Radian Group Inc.’s RDN -3.16% fourth-quarter loss widened as the year-earlier period included higher gains related to the fair value of derivatives and other impacts.

Companies such as Radian Guaranty typically insure mortgages when a borrower makes a down payment of less than 20%. Mortgage insurers pay lenders a portion of their losses if homeowners default on their loans.

While mortgage-insurance policies sold in recent years have so far proved to be highly profitable, Radian and some other players remain saddled with money-losing policies sold in the years before the housing bubble popped.

Radian’s mortgage-insurance loss provisions were $306.9 million in the fourth quarter, compared with $333.3 million a year earlier.

New mortgage insurance written was $11.7 billion, compared with $6.5 billion a year earlier.

“We hit the ground running in 2013 with $4 billion of new business written in January and another decline in our delinquent loan inventory, which better positions Radian for a return to operating profitability,” Chief Executive S.A. Ibrahim said. Last January, Radian wrote $2 billion of new business.

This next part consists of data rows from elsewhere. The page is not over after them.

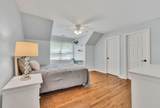 308 Creekshire Drive - Photo 40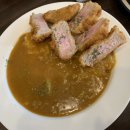 호남로 68번길 이미지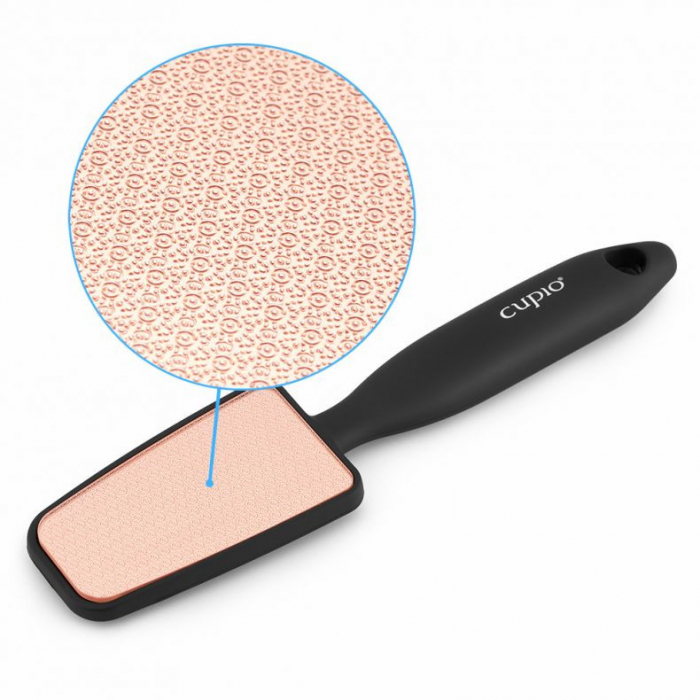 Cupio Pila de calcaie din sticla [2]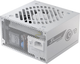 Блок живлення Seasonic Core GX ATX 3.1 650W White (SRP-CGX651-A5A32SF-W) - зображення 2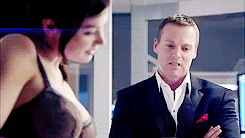 tumblr_m4yqgwKRb21rwx2x1o9_r1_250.gif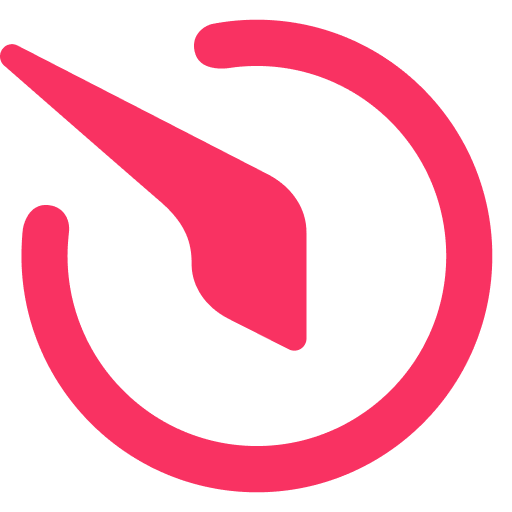 elfsight-ai-chatbot logo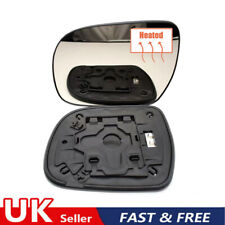 Left Side for Lexus RX 300 330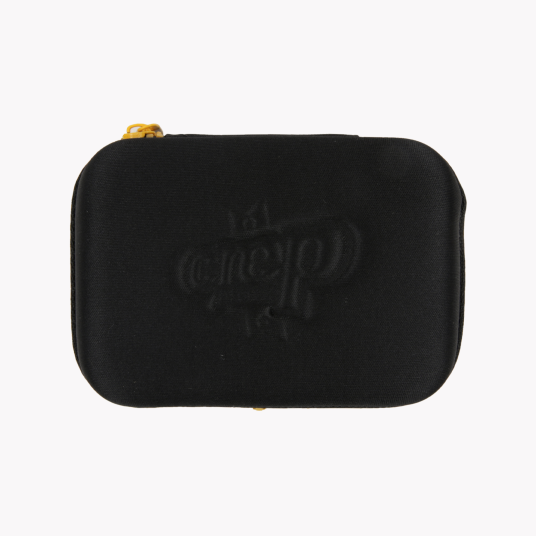 CREP PROTECT CURE TRAVEL CLEANING KIT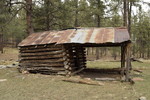 photo thumbnail #5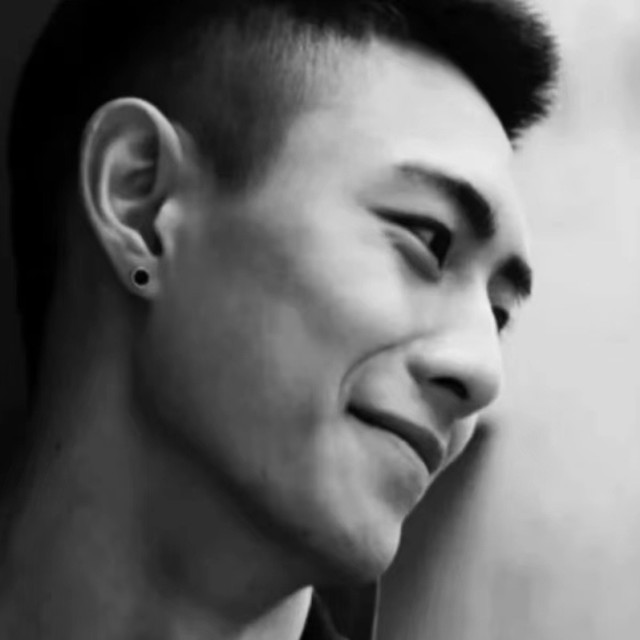 752070 做你说过的,说你做过的
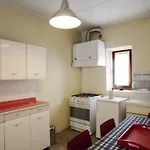 Albonico Bed & Breakfast Laglio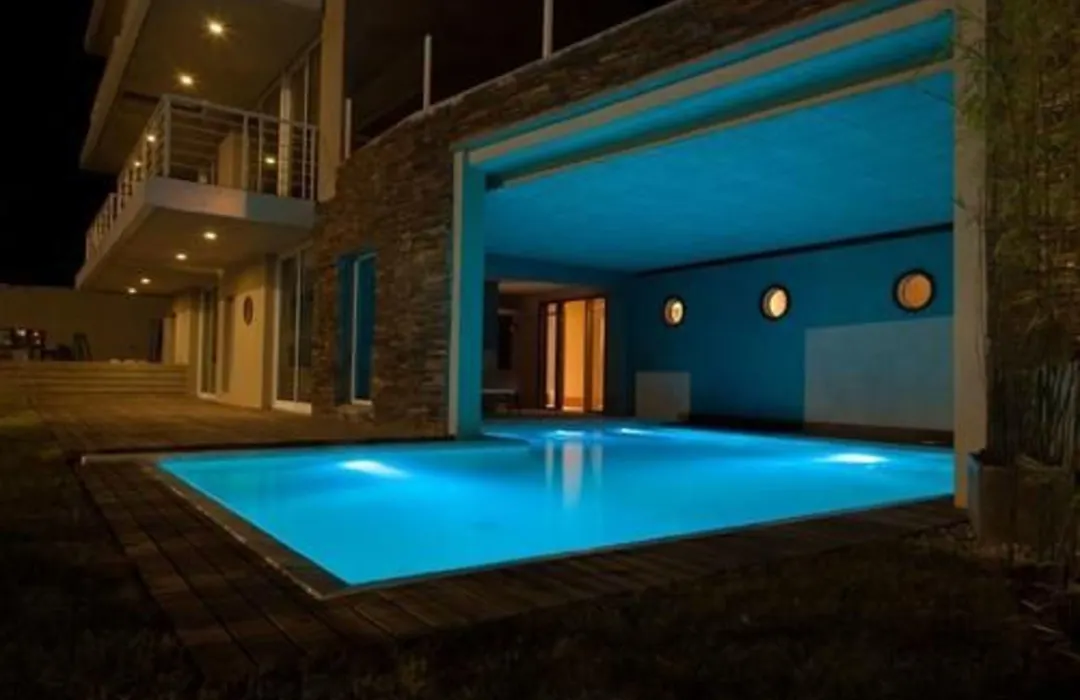2122 Hotel Art Design-1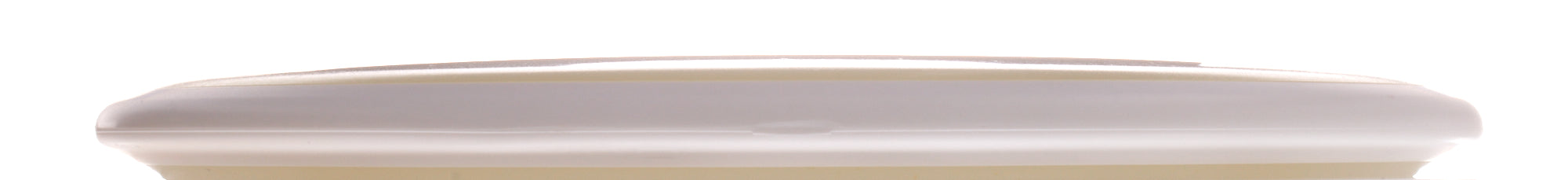 James Conrad Team Series Bendy James Particle Eclipse Detour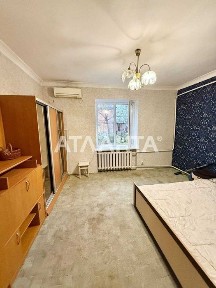 Одеська область, Одеса, Хаджибейський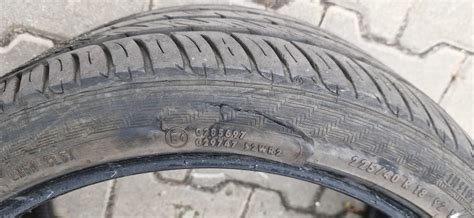Комплект Gislaved Ultra Speed 225 40 R18 92Y XL: 1 500 грн. - Автошини ...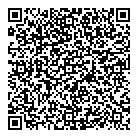 QR код "Ателье"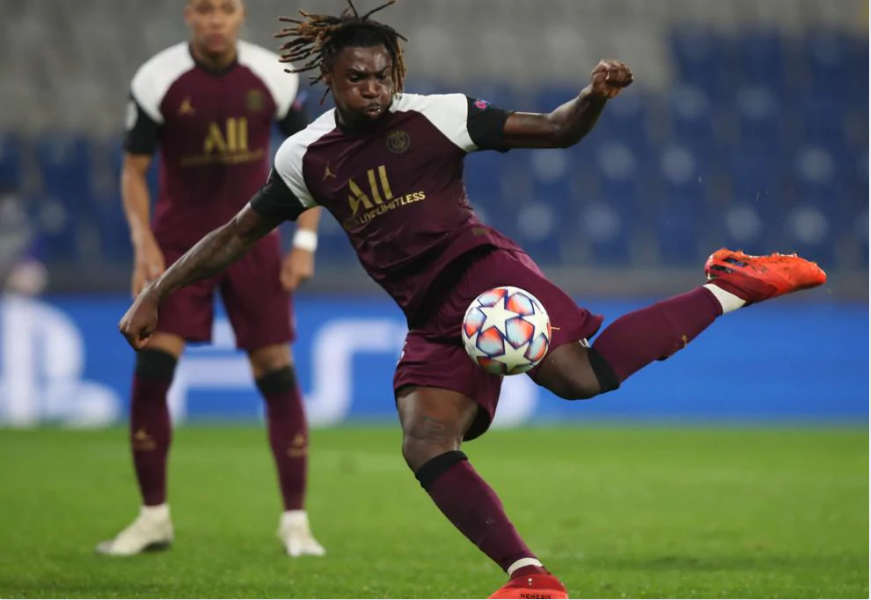 包含德罗巴新星绝杀表现惊艳，西班牙队未来可期！的词条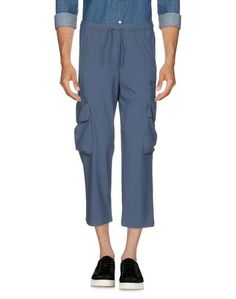Брюки-капри Adidas Originals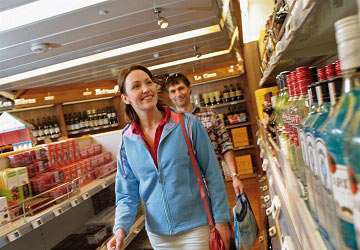 brittany_ferries_barfleur_shop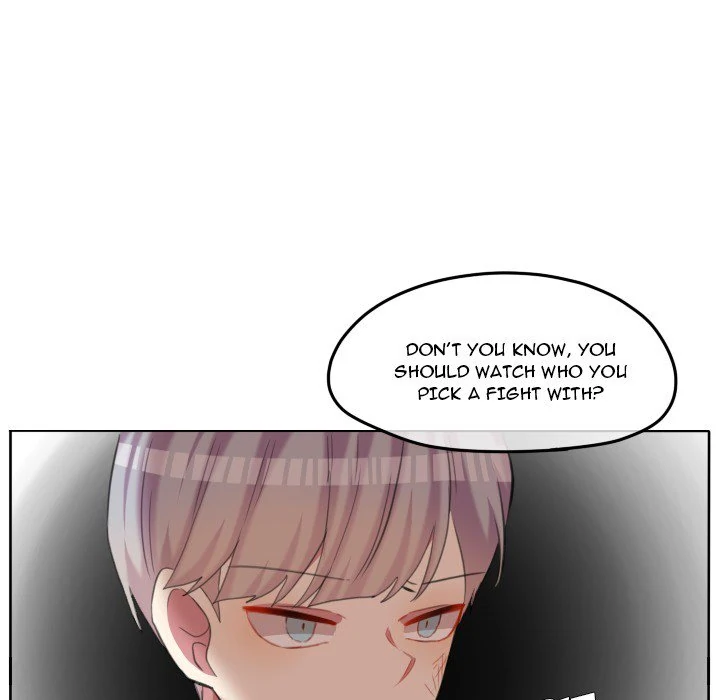 The chill couple Chapter 92 - page 43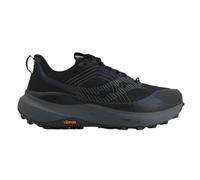Saucony Xodus Ultra 4 Vibram Negro 42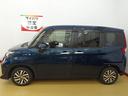（石川県）の中古車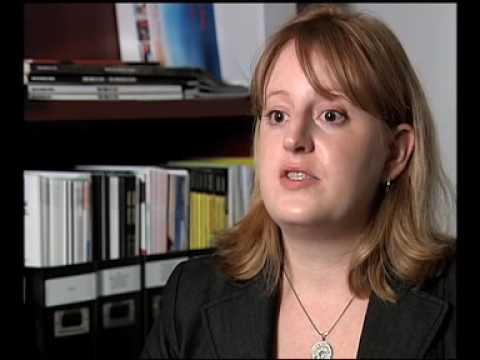 Facing The Mortgage Crisis: A Florida Matters Special Florida Matters On Wusf 8/21/09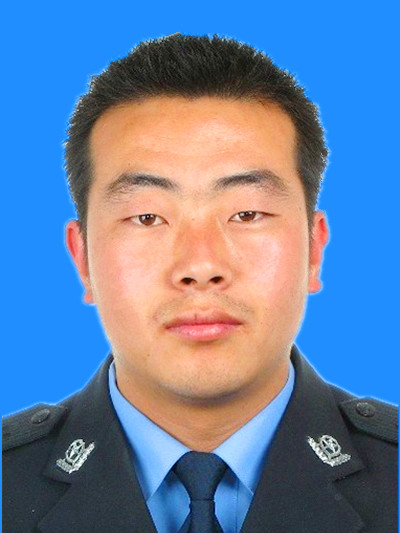 張新榮.jpg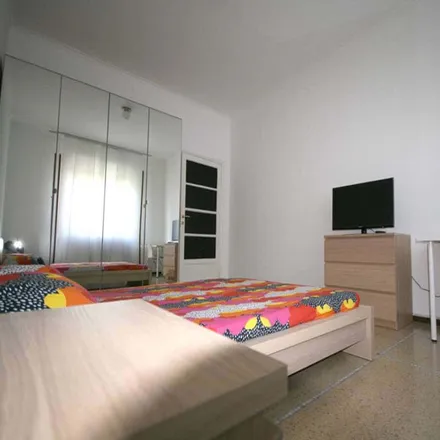 Image 3 - Piazzale Francesco Bacone, 20131 Milan MI, Italy - Room for rent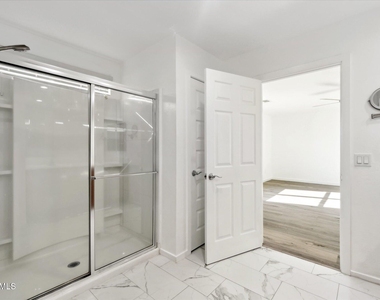 37292 N Yellowstone Drive - Photo Thumbnail 35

Radian reported a loss of $177.3 million, or $1.34 a share, compared with a loss of $121.5 million, or 92 cents a share, a year earlier. The company recorded minimal net gains on investments, compared with net gains on investments of $38.9 million and gains from the change in fair value of derivatives and other financial instruments of $102.2 million a year earlier.

Net premiums earned increased 5.1% to $193.9 million.

Analysts polled by Thomson Reuters most recently projected a loss of 50 cents a share on net premiums earned of $200 million.

Shares closed Friday at $6.72 and were inactive premarket. The stock has nearly doubled in the past year.